How to Create Captivating Plant Combinations, or Have Daylily, Will Travel

I've been going through my photos from last summer, trying to organize (we're supposed to get organized in January, right?!). I came across a series I took one mid-summer afternoon of a daylily that came with my house. Since I don't know it's name I call it 'Liberty'. All I know is that it is an older variety, planted more than 25 years ago. I have also found that while I like it...I'm not sure why because I feel like no matter where I move it or combine it with its color fights with something!
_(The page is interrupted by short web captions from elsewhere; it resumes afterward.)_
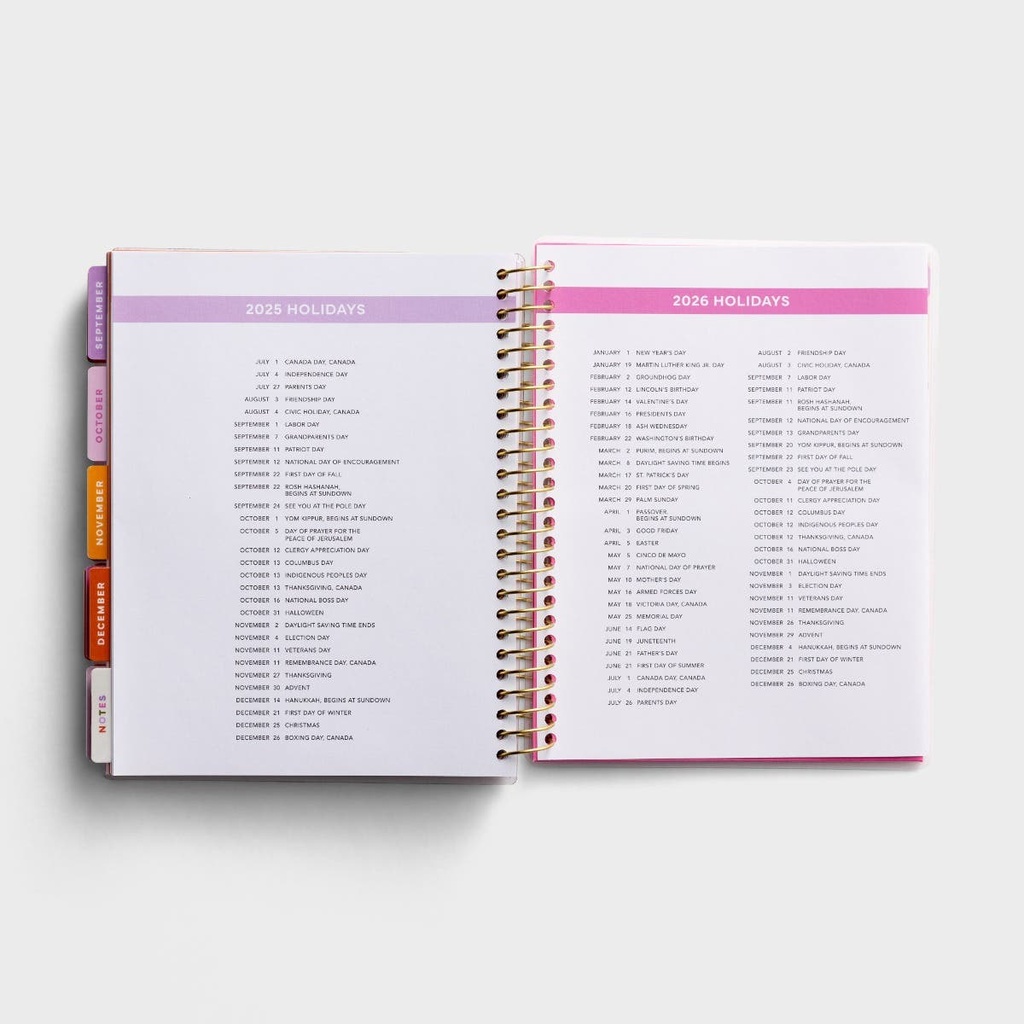 2026 18 Month Agenda Planner He Is For You (04/25)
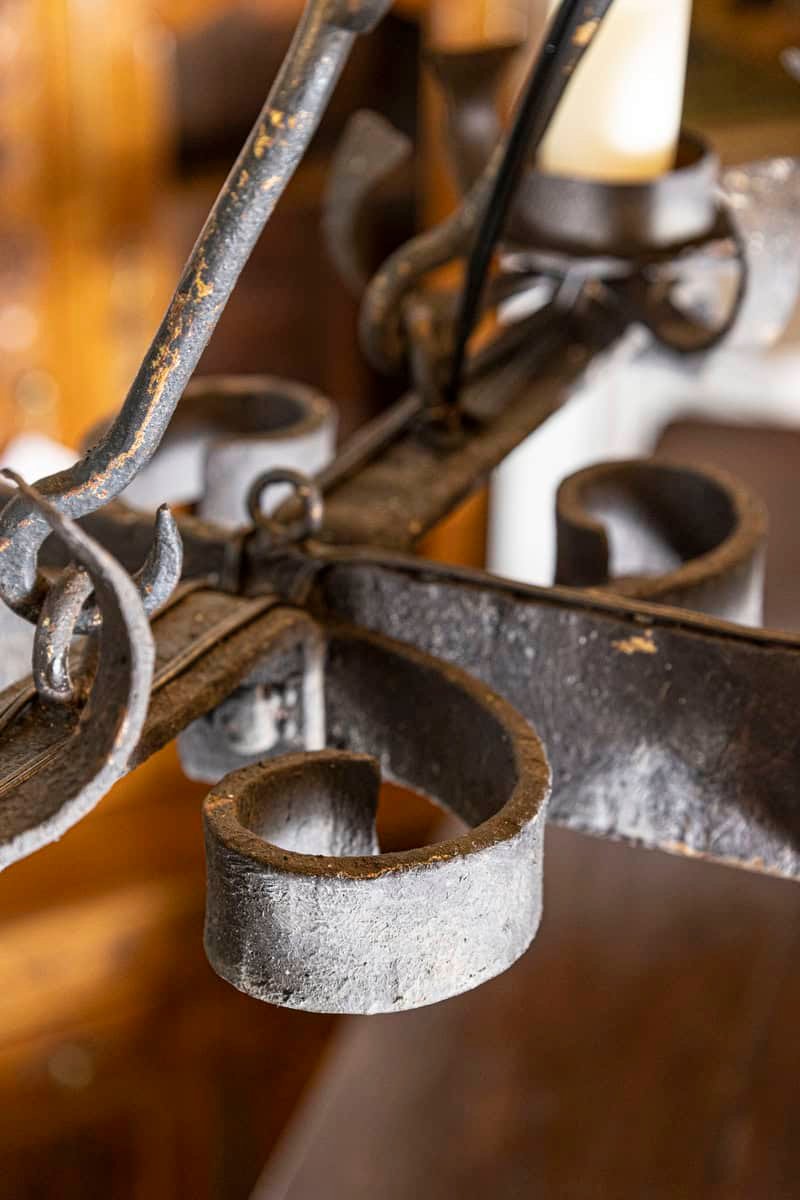 20th Century French Wrought Iron Chandelier - JAA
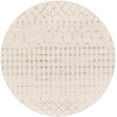 thumbnail image 1 of Mark&Day Area Rugs, 7ft Round Ruinen Global Cream Area Rug, White Grey Carpet for Living Room, Bedroom or Kitchen (6'7" Round), 1 of 7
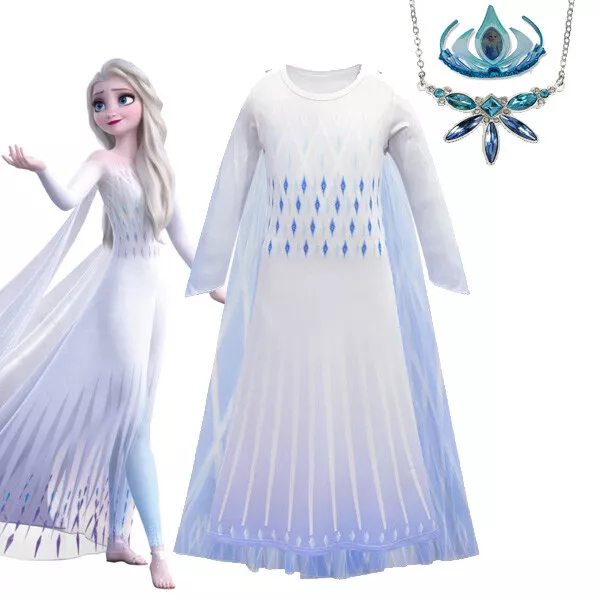 2019 New Release Girls Frozen 2 Elsa Costume Party Birthday Dress size 2-10Yrs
So, inspired by Vita Sackville-West, I plucked a bloom and wandered about the grounds... yeah. Because my house and garden look so much like Sissinghurst. I hear it all the time.

Let me start over.

I picked a flower and walked around looking for possible companions in spots I know the daylily will be happy. Daylilies are easy, full sun to part shade (the more sun the more flowers) and nearly any soil conditions, though diminished flowering in hot, dry spots. Here are some of the photos I took!
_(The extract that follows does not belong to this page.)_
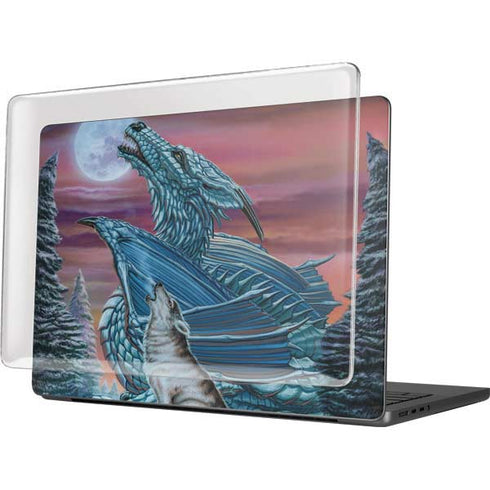 Dragon and the Wolf by Ed Beard Jr MacBook Pro 14in (2021-24) Case plus Skin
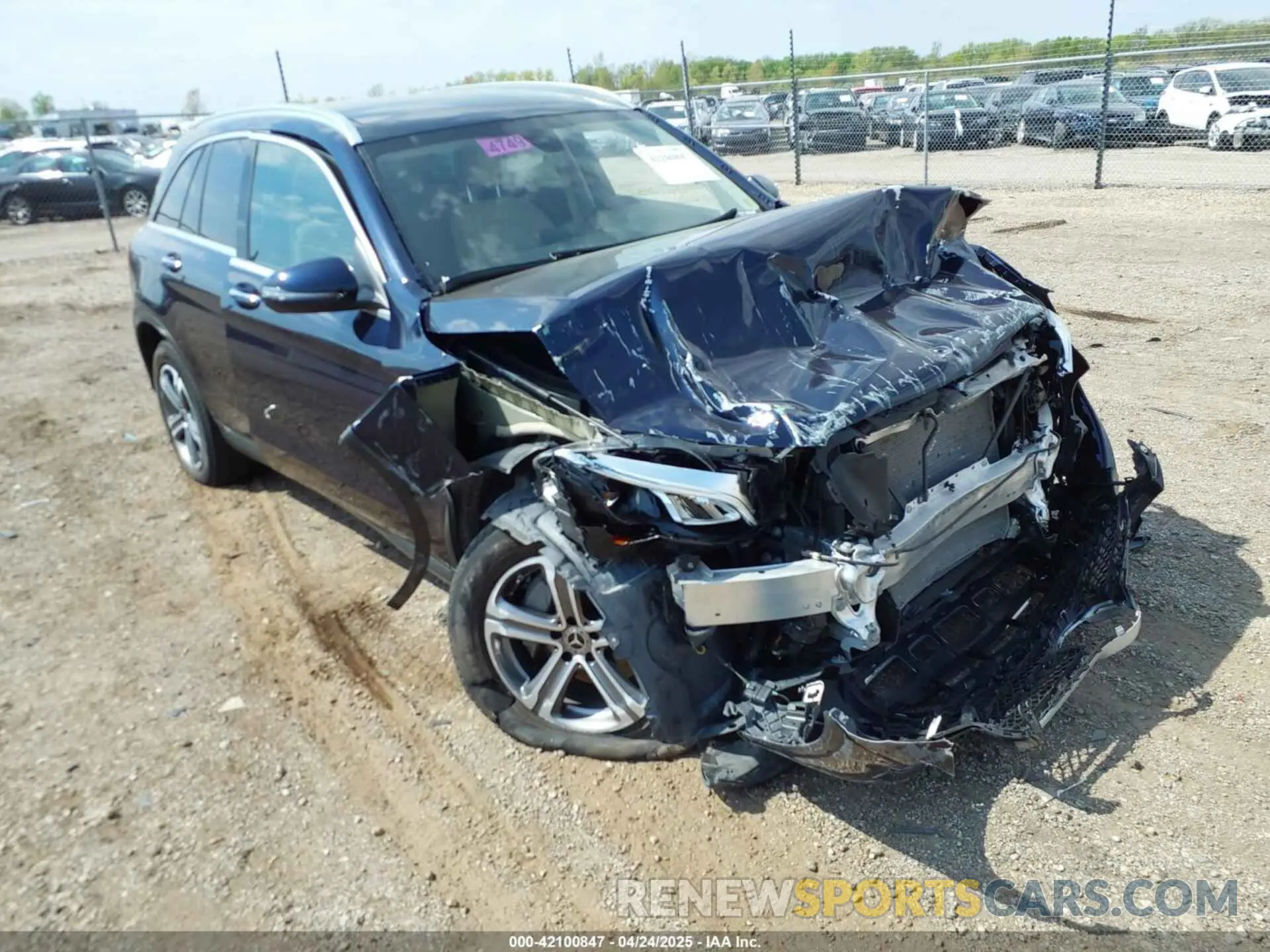 1 fotografías del automóvil dañado WDC0G4KB5KF626915 MERCEDES-BENZ GLC 300 2019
with Rudbeckia. I like this, the daylily's color doesn't look muddy

with Daylily 'Paprika Velvet'. 'Liberty' looks a little muddy, however, the deep rich orange does a little blendy thing I like. And I like daylilies with other daylilies. Perhaps a yellow...

with tiger lilies. Doesn't grab me. I was thinking orange, burgundy spots...oh well. Not bad but not fab, either.

with a yellow variegated vinca. I kind of like this. And it's the start of a theme...

with apple green Hosta plantiginea, Heuchera 'Palace Purple', chartreuse Sagina subulata 'Aurea' aka Scotch Moss

with Hosta 'Frances Williams' and Amsonia

with Euonymus 'Emerald and Gold'

with Hosta plantiginea and Hydrangea 'Annabelle'

I'm still not sure I love the daylily with anything. It looks ok in several photos but after looking at it for so many years I know what happens to me when I look at it in my garden. It has a lot of brown that to my eye falls flat at certain times of the day and if I see it anywhere near pink my eyes bleed. I may try it up front with all the greens and yellows but I may also decide it's time to let it go. Maybe someone else would like it better and let it shine in their garden!

This is one way to play. As I wrote above, I learned this while reading articles of Vita Sackville-West's. She would wander around with a bloom, looking for other plants to combine and make the most of all present. And I know from reading of many other wonderful gardeners, they do this as well.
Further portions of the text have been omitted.